Under this line is some data; print exactly the lines from the one containing "Varkens lange staarten" through its last line, without pictures.

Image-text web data
>>
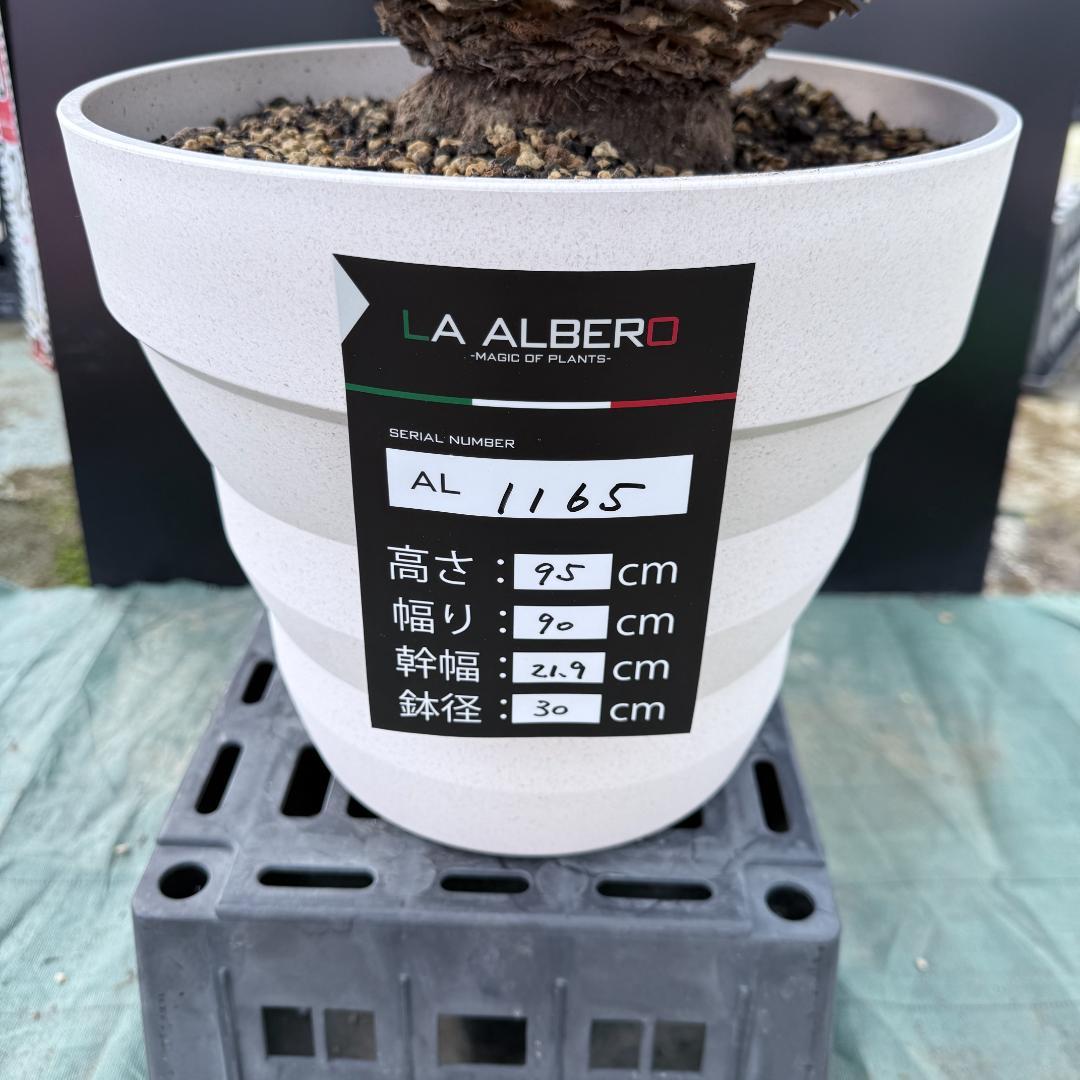 【AL1165】ユッカ　ロストラータ　ホワイト個体【ALBEROホワイト祭り】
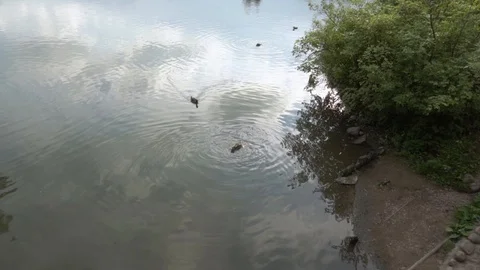 Ducks swim in the pond Vidéo 108306329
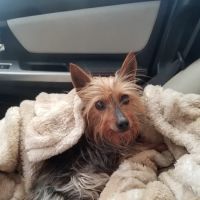 Sunrise Veterinary Clinic LLC ico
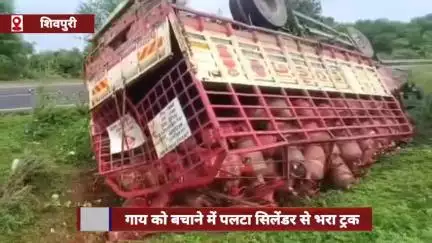 शिवपुरी जिले में गाय को बचाने में सिलेंडर से भरा ट्रक पलटा, ड्राइवर को आई मामूली चोटें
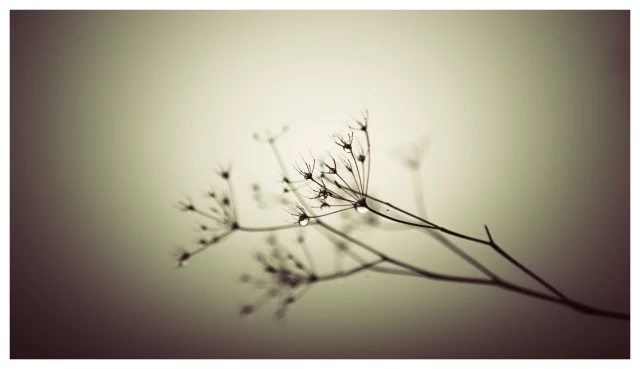 Leicht sepiagetöntes, vignettiertes Foto im Landschaftsformat. 
Leere Zweiglein der wilden Möhre neigen sich zur Seite, in ihren Miniverästelungen haben sich glitzernde Nebeltropfen gefangen.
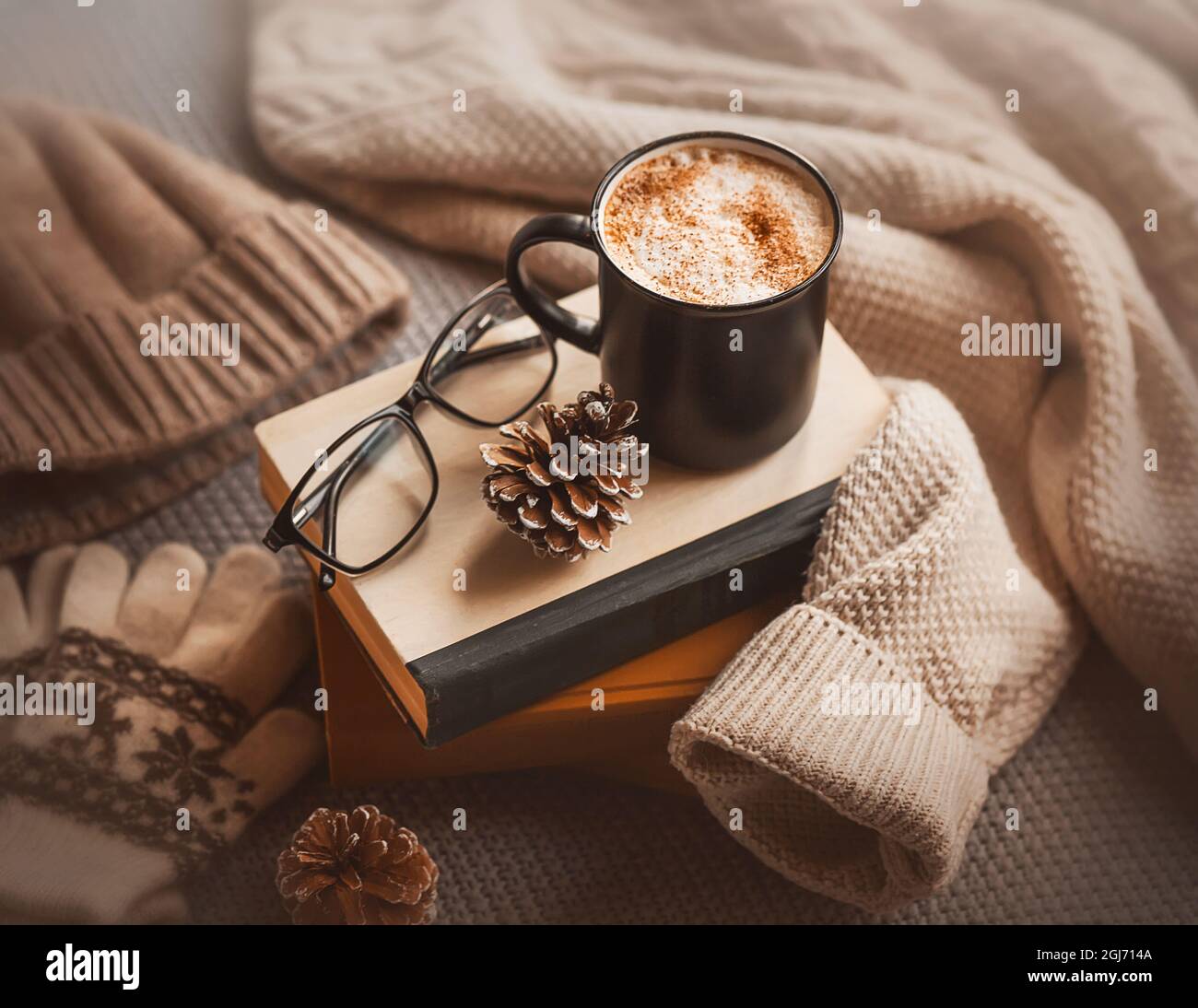 https://c8.alamy.com/comp/2GJ714A/winter-still-life-there-is-a-mug-of-coffee-with-cream-and-cinnamon-on-the-books-and-next-to-it-are-fir-cones-and-winter-warm-clothes-a-hat-glove-2GJ714A.jpg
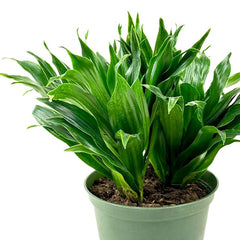 Dracaena Janet Craig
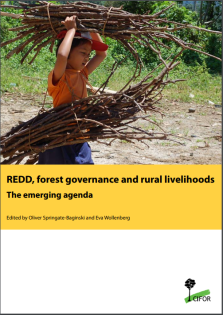 redd forest governance and livelihoods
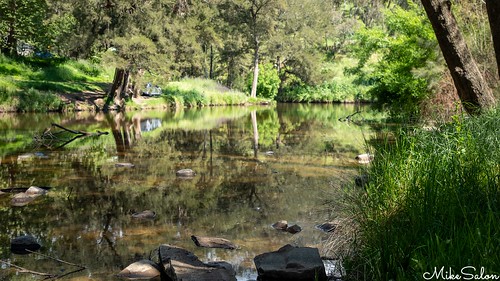 Ophir Reserve Campground photo 5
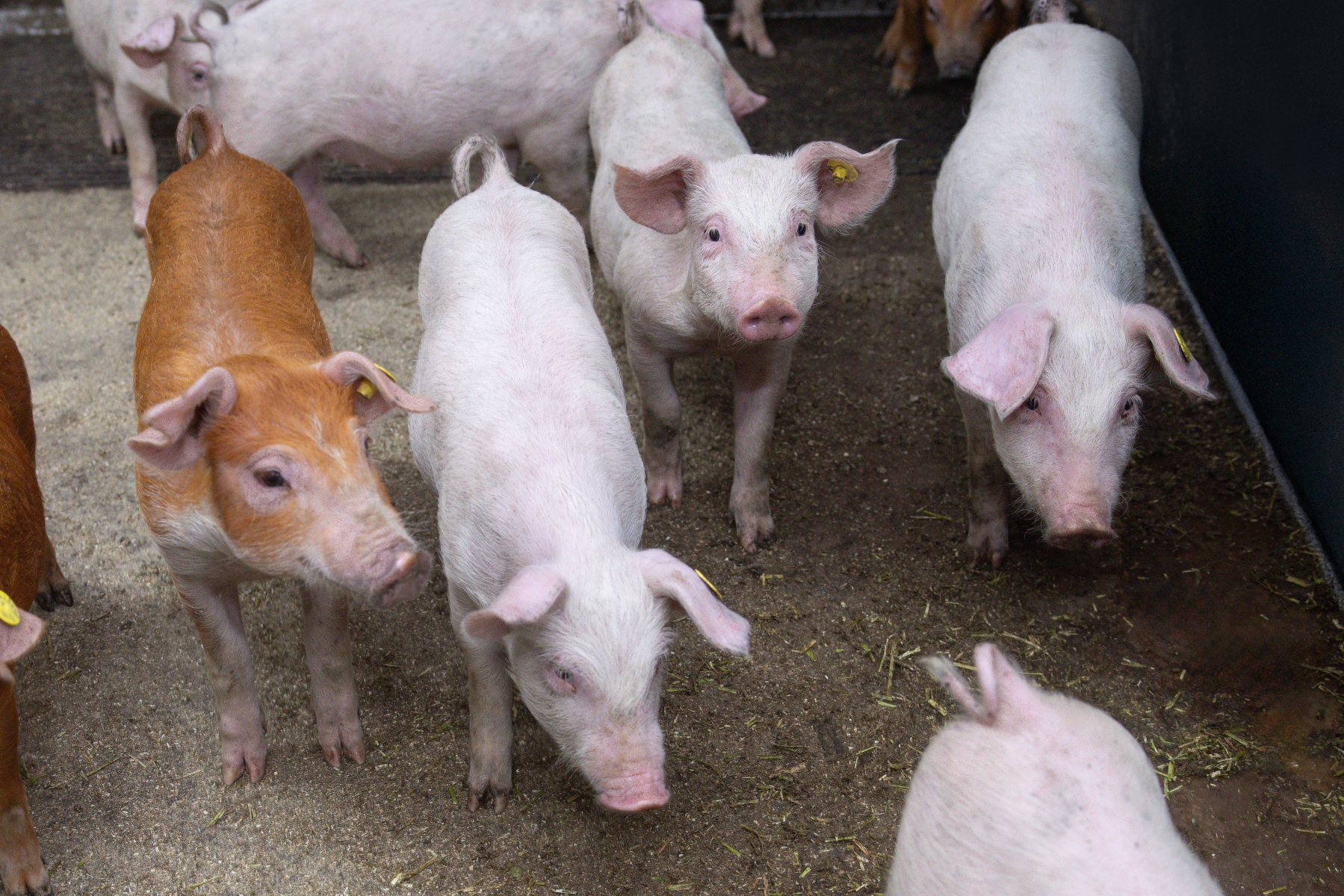Varkens lange staarten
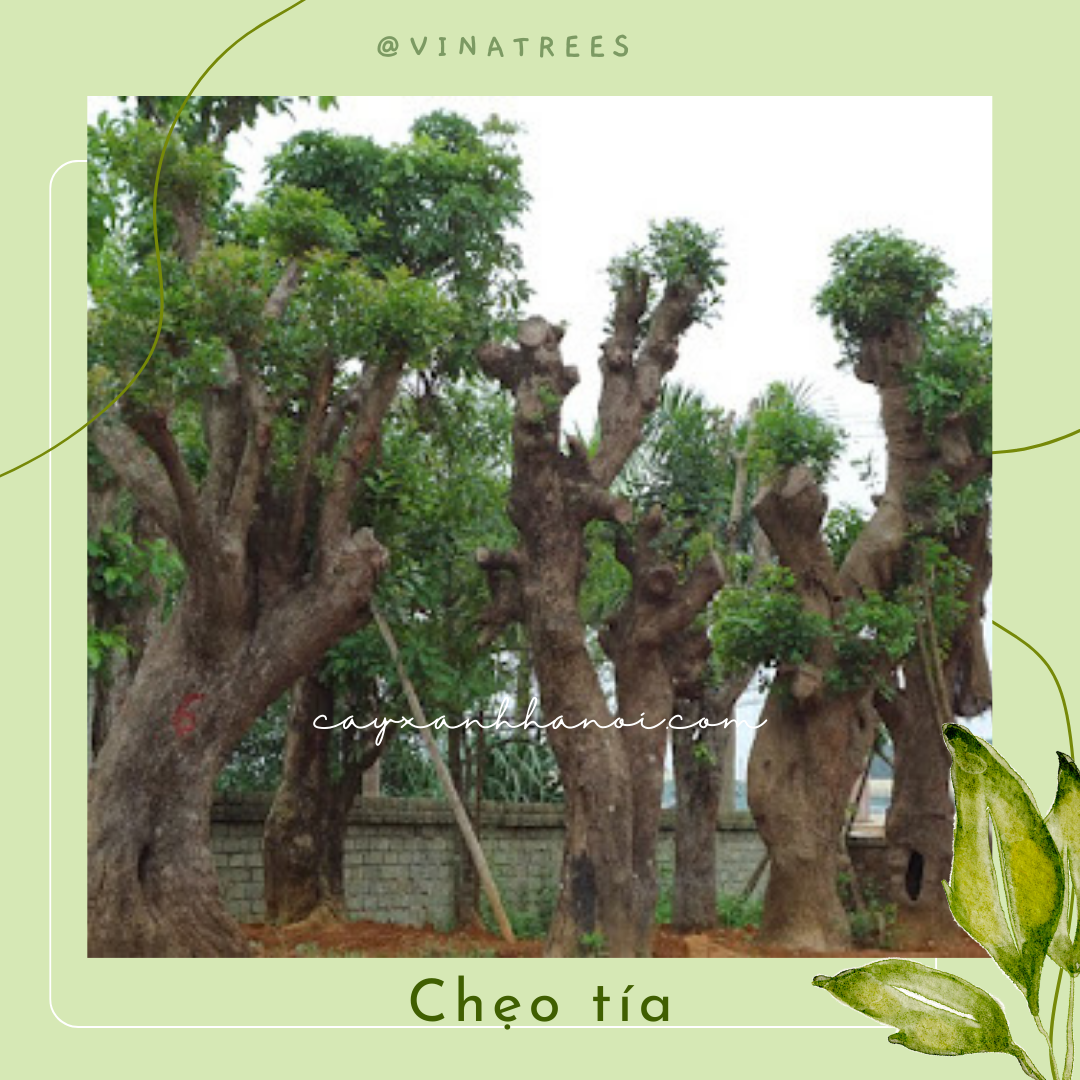 Cây Chẹo Tía đại thụ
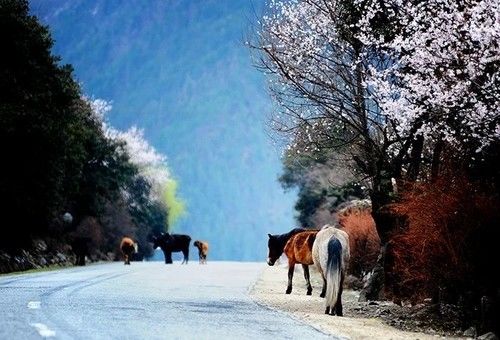 一花一世界 如何表现风光摄影中的意境之美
<<
**Completed exercise**
Varkens lange staarten
 Cây Chẹo Tía đại thụ
 一花一世界 如何表现风光摄影中的意境之美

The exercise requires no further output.